Tutto quello che avviene nel mondo sembra non sfiorare la maggior parte dei nostri politici, a tutti i livelli, soprattutto al livello parlamentare nazionale e dentro i partiti.
La grande questione da cui dipenderebbe la difesa della democrazia sta tutta in un emendamento all’Italicum, cioè alla legge elettorale.
Qualcuno ha mai saputo dell’esistenza di una legge elettorale perfetta, che rispecchi l’uguaglianza e la dignità del voto di ciascuno? È impossibile; comunque si faccia, la coperta è sempre corta da una parte o dall’altra. Mettere in ginocchio il Parlamento, frenare il cammino – che non è mai rapido né agevole – delle riforme per apporre un cambiamento a una legge già discussa e approvata nelle sedi apposite sembra gioco di persone indispettite perché il loro capo, magari con qualche atteggiamento decisionistico di troppo, si è incaponito ad andare al voto costi quel che costi.
D’altra parte, oggi la democrazia soffre di eccesso di individualismo: ognuno vorrebbe essere arbitro delle decisioni, e le minoranze – dopo tutti i giochi delle votazioni in sedi differenti, di partito, di commissioni parlamentari – vorrebbero frenare o fermare il processo avviato.
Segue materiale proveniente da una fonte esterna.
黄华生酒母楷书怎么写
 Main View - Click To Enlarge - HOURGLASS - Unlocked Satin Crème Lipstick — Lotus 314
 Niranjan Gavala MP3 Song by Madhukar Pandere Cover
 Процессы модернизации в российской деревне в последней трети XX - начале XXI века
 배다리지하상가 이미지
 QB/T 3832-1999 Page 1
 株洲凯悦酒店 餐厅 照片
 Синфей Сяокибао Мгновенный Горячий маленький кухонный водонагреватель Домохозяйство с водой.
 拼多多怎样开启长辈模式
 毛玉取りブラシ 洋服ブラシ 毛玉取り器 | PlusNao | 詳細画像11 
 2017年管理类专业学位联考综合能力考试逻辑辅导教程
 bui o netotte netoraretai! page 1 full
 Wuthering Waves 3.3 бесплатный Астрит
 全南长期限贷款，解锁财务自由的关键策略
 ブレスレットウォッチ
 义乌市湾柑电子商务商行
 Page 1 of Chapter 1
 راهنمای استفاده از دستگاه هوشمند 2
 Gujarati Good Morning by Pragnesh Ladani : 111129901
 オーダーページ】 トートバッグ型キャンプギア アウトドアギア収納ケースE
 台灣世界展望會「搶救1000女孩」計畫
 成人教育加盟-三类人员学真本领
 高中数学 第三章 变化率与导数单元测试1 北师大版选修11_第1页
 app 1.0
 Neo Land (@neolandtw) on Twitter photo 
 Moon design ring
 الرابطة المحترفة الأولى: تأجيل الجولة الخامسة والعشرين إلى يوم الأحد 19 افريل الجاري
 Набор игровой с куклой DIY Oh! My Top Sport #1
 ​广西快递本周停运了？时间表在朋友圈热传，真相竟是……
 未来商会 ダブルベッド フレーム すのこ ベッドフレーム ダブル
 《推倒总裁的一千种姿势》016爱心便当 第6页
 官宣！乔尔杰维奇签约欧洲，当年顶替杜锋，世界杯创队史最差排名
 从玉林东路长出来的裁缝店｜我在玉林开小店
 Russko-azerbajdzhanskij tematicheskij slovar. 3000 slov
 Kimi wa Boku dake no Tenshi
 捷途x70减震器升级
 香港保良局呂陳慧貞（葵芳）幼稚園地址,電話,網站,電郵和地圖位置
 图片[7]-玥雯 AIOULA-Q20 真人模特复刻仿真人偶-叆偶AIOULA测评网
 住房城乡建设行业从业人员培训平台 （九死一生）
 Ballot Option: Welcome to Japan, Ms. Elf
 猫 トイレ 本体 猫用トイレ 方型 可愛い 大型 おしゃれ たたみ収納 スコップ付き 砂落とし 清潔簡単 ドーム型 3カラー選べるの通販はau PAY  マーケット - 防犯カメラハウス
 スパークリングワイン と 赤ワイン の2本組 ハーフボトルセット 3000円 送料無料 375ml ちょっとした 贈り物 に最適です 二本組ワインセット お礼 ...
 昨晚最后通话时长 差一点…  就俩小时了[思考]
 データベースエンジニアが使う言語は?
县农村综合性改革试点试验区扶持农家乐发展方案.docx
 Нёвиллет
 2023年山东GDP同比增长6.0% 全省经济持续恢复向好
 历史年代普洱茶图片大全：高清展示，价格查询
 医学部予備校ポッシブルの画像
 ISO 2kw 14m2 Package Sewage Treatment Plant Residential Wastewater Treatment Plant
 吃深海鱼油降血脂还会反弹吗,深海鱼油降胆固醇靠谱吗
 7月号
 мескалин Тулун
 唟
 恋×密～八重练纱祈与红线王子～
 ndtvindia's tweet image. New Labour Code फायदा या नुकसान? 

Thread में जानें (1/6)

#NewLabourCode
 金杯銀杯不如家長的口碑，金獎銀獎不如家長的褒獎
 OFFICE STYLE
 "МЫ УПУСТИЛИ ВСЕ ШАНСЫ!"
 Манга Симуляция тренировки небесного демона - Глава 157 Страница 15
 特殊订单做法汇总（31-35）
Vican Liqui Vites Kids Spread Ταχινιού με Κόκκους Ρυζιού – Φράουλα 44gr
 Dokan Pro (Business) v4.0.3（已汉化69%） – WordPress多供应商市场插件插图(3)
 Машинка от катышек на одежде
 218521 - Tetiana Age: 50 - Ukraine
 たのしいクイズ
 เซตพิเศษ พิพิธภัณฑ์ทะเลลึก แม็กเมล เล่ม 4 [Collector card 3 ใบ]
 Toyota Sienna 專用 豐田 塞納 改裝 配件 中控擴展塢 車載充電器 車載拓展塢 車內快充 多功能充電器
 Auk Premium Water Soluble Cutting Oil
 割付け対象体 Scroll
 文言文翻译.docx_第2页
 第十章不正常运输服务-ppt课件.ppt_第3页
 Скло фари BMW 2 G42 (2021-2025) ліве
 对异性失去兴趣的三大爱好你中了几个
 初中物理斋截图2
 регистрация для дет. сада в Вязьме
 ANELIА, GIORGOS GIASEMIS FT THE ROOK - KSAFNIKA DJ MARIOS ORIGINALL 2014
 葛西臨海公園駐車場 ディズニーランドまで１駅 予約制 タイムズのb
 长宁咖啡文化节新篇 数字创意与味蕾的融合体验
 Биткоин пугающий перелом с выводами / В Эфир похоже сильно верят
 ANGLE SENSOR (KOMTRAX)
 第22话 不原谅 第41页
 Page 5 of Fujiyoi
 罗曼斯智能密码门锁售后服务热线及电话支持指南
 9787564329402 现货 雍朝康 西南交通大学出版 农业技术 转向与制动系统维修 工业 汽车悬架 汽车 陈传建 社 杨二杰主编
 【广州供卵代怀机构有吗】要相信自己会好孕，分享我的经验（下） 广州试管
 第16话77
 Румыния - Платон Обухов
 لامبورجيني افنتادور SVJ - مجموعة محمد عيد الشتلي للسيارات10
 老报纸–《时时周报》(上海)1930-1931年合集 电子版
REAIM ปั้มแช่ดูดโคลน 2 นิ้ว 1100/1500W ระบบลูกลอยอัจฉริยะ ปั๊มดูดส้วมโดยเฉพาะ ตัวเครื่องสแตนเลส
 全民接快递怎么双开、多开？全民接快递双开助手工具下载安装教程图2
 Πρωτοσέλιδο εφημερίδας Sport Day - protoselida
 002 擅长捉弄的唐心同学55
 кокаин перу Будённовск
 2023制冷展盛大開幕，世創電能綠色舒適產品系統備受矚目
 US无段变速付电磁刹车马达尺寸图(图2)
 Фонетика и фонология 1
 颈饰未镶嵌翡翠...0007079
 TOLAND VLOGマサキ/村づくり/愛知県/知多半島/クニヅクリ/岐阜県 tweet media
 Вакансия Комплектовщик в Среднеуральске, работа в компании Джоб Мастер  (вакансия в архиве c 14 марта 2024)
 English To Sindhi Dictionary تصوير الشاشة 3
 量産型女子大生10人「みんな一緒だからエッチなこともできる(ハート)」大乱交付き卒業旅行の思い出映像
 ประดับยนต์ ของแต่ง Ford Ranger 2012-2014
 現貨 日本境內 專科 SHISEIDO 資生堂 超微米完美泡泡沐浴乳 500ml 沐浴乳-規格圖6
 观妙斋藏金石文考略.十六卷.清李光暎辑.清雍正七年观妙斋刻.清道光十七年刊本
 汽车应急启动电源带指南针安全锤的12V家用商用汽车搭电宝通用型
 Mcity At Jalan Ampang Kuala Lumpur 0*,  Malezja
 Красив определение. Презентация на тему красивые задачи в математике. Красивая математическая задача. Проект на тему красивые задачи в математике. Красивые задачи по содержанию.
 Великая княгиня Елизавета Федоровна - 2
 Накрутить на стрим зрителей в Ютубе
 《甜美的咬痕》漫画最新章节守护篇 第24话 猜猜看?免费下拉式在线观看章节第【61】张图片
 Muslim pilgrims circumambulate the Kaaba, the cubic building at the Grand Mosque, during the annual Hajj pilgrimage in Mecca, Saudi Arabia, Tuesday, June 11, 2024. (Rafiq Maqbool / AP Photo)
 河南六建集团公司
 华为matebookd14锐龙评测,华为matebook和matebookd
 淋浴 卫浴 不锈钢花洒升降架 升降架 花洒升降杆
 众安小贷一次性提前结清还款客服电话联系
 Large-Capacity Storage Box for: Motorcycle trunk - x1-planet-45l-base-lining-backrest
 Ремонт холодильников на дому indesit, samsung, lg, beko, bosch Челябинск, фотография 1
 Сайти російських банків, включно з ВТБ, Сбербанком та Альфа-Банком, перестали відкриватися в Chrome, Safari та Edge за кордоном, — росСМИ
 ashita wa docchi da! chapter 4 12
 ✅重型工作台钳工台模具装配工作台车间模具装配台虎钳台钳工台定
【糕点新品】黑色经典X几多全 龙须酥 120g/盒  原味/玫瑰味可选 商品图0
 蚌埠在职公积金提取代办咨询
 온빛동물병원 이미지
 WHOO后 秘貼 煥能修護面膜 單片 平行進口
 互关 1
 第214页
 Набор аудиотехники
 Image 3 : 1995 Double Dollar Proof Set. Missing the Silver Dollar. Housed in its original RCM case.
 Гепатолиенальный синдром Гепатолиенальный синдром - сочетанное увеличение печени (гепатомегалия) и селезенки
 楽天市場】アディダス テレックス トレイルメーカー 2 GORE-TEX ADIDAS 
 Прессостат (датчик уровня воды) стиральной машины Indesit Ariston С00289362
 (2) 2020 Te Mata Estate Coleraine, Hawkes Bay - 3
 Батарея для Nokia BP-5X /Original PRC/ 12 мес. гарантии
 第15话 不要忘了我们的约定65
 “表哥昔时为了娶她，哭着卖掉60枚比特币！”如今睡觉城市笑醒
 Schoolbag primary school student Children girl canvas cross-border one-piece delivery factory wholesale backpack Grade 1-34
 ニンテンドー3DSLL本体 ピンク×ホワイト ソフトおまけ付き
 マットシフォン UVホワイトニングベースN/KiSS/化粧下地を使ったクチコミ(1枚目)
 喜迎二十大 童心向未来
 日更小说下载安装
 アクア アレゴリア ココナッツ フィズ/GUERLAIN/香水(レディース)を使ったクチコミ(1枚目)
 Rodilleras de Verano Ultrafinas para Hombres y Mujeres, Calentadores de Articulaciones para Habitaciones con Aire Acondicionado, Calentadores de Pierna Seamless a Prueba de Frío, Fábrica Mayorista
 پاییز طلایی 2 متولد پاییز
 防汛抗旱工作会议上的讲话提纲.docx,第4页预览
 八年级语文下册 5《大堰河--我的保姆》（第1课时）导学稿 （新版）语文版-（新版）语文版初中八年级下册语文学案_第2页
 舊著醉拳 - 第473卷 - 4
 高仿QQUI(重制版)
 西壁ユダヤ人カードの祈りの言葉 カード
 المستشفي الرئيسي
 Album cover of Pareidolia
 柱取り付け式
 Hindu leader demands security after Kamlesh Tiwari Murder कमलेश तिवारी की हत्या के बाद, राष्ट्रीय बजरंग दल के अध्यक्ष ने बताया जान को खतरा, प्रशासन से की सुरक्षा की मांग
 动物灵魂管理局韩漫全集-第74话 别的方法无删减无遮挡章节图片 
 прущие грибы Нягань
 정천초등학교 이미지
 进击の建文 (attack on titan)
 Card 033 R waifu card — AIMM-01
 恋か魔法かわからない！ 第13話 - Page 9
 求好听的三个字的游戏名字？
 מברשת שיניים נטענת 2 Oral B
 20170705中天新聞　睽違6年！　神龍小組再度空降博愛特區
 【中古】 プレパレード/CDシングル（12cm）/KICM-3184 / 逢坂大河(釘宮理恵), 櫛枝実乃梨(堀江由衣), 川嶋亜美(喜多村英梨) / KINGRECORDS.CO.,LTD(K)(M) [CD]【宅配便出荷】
Si dovrebbe dire: basta con la democrazia di carte e dichiarazioni, bisogna procedere per una democrazia effettiva, di impegno nella soluzione dei gravissimi problemi economici e sociali, per la soluzione dei quali non basta la buona volontà e le buone intenzioni, ci vogliono le risorse; e se queste non ci sono, è inutile sbraitare dalla mattina alla sera. Meglio sarebbe tamponare, fare qualcosa anche di poco conto, ma pratico ed efficace – come fanno le Caritas, le parrocchie, le associazioni cattoliche e laiche.
Occorrerebbe emarginare chi si mette in campo con ipocrite finalità umanitarie, mentre persegue solo interessi economici. Bisognerebbe essere senza ritegno nel denunciare gli sciacalli che speculano sulle disgrazie altrui. Speculazioni di tipo economico non confessate, e speculazioni di tipo elettorale dichiarate camuffate da ipotesi di soluzione dei grandi problemi dell’immigrazione sbandierati ai quattro venti con la sicurezza di chi ritiene di avere scoperto l’America.
Se vogliamo salvare il salvabile – che non è il tutto, ma è sempre parziale – ci si deve rassegnare a fare le cose necessarie e possibili tramite una gerarchia di scelte e di valori. Sappiamo, ad esempio, che il barcone rovesciato che ha portato con sé in fondo al mare 800 (secondo l’ONU) vite umane non è andato a picco per mancanza di soccorsi ma per uno sbaglio di attracco, un incidente di manovra, una circostanza prevedibile, una manovra sempre rischiosa che richiede molta attenzione. Con un atteggiamento diverso e con una maggiore professionalità, si sarebbe potuta evitare.
È inutile quindi strillare a destra e a manca. Bisogna riflettere, ponderare, calcolare, individuare strade percorribili e smetterla con le grandi abbuffate di parole altisonanti, che non si sopportano più.
Sono tante le persone che vorrebbero essere informate dai media, specialmente dalla televisione, ma non resistono al fragore delle accuse e degli strilli che si scambiano gli interlocutori dei vari talk show. Martedì sera ho assistito a Ballarò su Rai Tre, e ho avuto la sensazione che sarebbe meglio un po’ di silenzio e di riflessione, magari anche di preghiera.
Diceva una teologa protestante: “La preghiera è progettare la vita davanti a Dio”. Qui non si progetta; si afferma, si declama, si asserisce, si accusa, ci si scaglia contro, si alzano i toni… e tutto ricade nel vuoto. La politica rischia l’insignificanza, quando dovrebbe riscoprire la sua alta vocazione di perseguire con professionalità e coscienza il bene comune anche quando questo non s’incrocia con il proprio interesse.